Félix Mendonça Júnior (PDT), deputado federal: No dia 23 de julho, o parlamentar denunciou que estão usando o nome dele para aplicar golpes na internet. Por meio do telefone com DDD 71 e final 2527, criminosos estão ligando para pessoas conhecidas do deputado e convidando para um jantar. “Esse é um novo golpe na praça. Você recebe uma ligação em nome de um amigo ou autoridade pública convidando para um evento. Depois, recebe um código, que deve ser enviado via WhatsApp. O objetivo é justamente hackear o WhatsApp desses contatos”, afirmou Félix. “Peço que as pessoas que me conhecem alertem toda vez que receberem a mensagem. Não estou organizando nenhum jantar. Já estou adotando as medidas policiais e judiciais cabíveis para encontrar e punir esses criminosos”, acrescentou.

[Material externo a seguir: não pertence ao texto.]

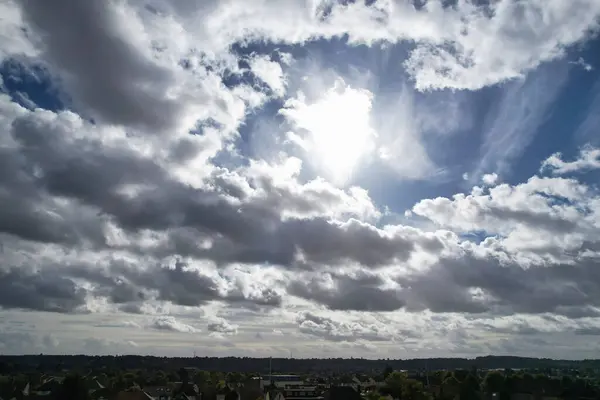 Γραφική Άποψη Του Μπλε Ουρανού Άσπρα Σύννεφα Κατά Την Ηλιόλουστη — Φωτογραφία Αρχείου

Confira alguns dos principais golpes aplicados atualmente:
1 – Golpe da clonagem do Whatsapp: Entre os meios usados pelos bandidos está o Whatsapp. Os criminosos enviam uma mensagem pelo aplicativo fingindo ser de empresas em que a vítima tem cadastro. Eles solicitam o código de segurança, que já foi enviado por SMS pelo aplicativo, afirmando se tratar de uma atualização, manutenção ou confirmação de cadastro.
Com o código, os bandidos conseguem replicar a conta de WhatsApp em outro celular. A partir daí, os criminosos enviam mensagens para os contatos da pessoa, fazendo-se passar por ela, pedindo dinheiro emprestado por transferência via Pix.